GOAL OF THE EXERCISE
Retype exactly what appears below from the line containing "Sun hat female" down to the line containing "Vince Strip Cotton", keeping both end lines. Do not include pictures.

DATA SUPPLIED
════════

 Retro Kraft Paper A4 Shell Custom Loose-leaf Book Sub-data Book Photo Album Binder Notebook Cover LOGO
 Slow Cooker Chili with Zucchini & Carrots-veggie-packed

════════

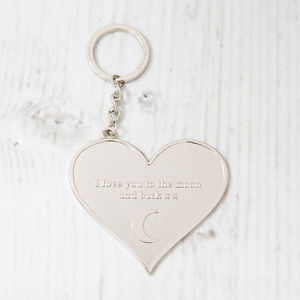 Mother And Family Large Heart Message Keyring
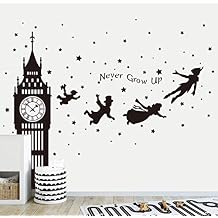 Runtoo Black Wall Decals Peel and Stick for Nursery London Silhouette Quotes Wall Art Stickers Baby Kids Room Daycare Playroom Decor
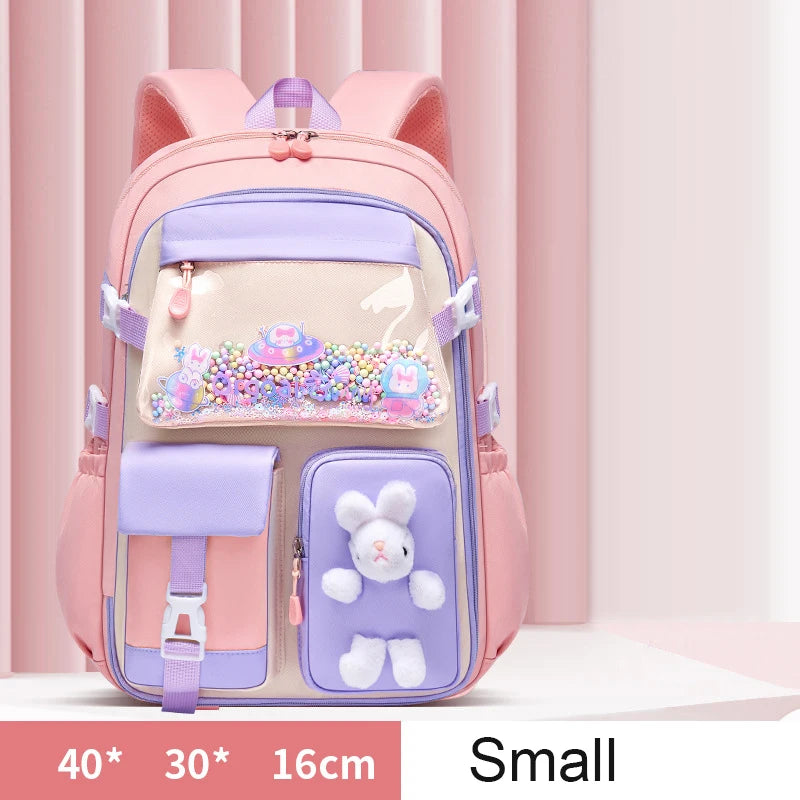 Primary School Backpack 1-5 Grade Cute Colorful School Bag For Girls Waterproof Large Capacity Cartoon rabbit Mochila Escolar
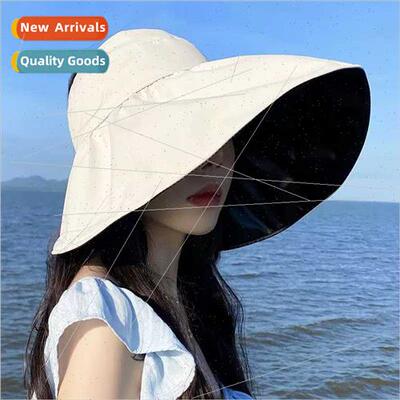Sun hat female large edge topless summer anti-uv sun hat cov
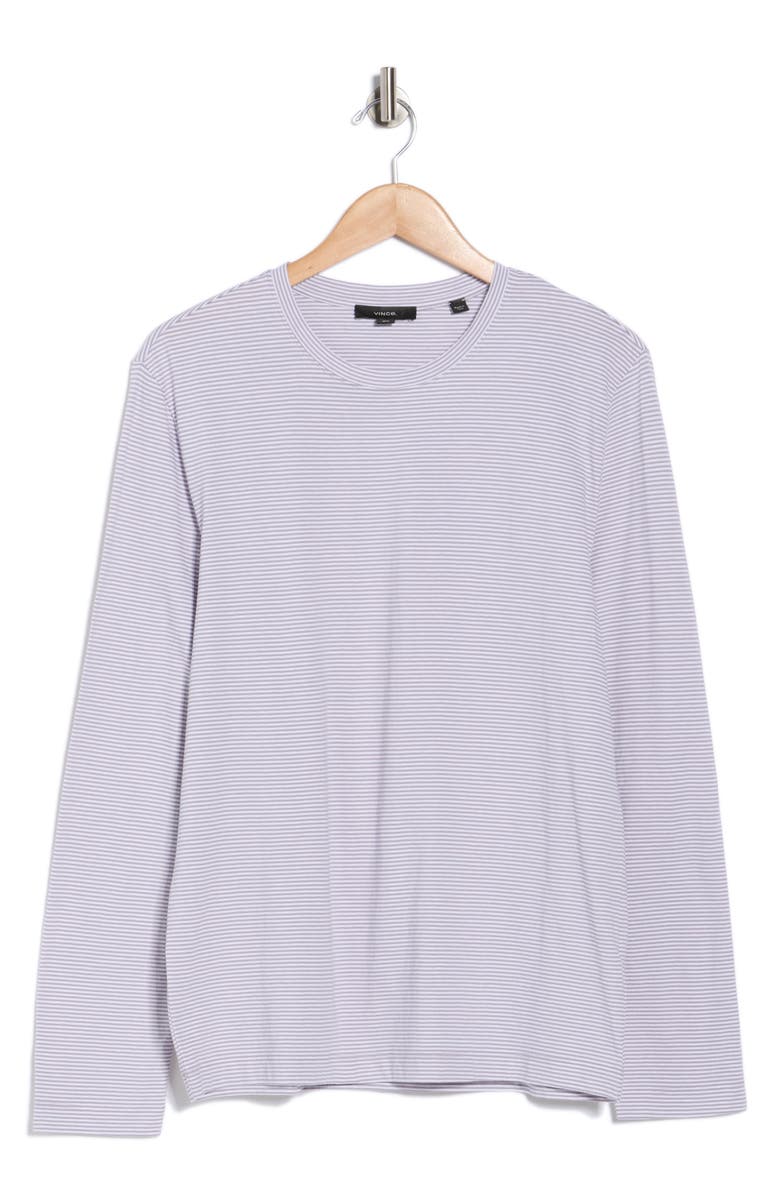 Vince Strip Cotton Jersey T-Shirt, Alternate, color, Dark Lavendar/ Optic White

════════

WRITTEN SOLUTION
Sun hat female large edge topless summer anti-uv sun hat cov
 Vince Strip Cotton Jersey T-Shirt, Alternate, color, Dark Lavendar/ Optic White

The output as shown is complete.